• PROBLEM DESCRIPTION
What you write must be the listing below in full, word for word, minus its pictures.

• DATA
----------

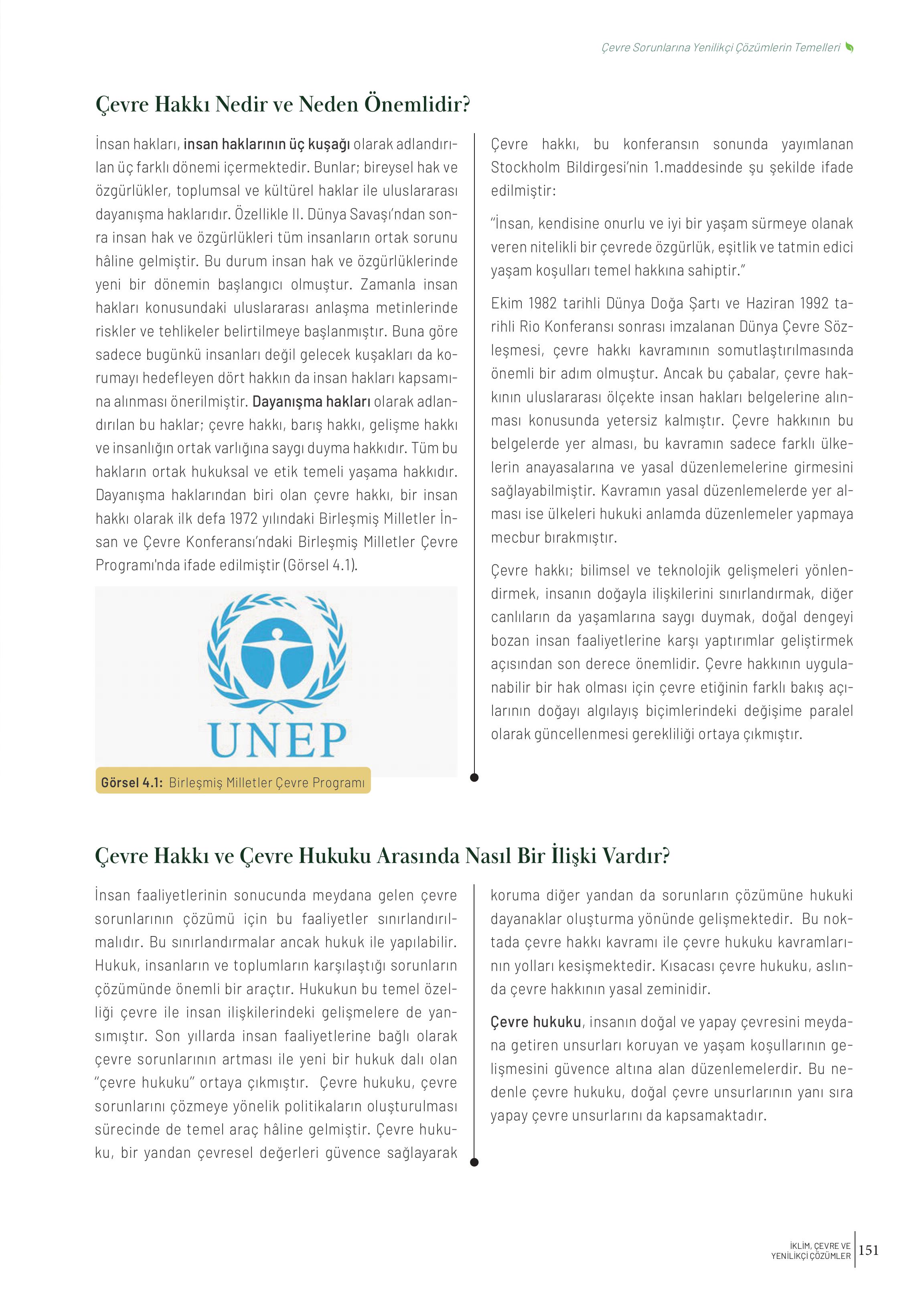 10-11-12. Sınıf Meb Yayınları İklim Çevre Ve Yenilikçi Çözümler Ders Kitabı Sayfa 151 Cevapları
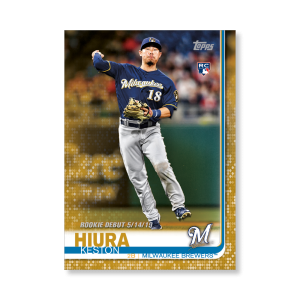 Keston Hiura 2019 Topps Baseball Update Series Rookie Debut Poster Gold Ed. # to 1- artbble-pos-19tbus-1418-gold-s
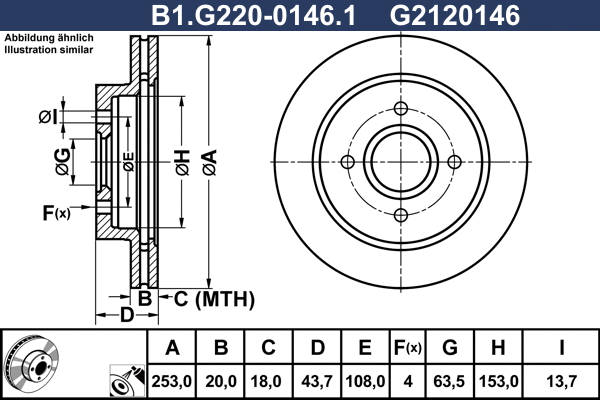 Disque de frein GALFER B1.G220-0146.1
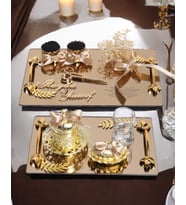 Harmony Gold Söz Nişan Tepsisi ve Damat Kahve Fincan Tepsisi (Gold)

----------

• WRITTEN SOLUTION
 10-11-12. Sınıf Meb Yayınları İklim Çevre Ve Yenilikçi Çözümler Ders Kitabı Sayfa 151 Cevapları
 Keston Hiura 2019 Topps Baseball Update Series Rookie Debut Poster Gold Ed. # to 1- artbble-pos-19tbus-1418-gold-s
 Disque de frein GALFER B1.G220-0146.1
 Harmony Gold Söz Nişan Tepsisi ve Damat Kahve Fincan Tepsisi (Gold)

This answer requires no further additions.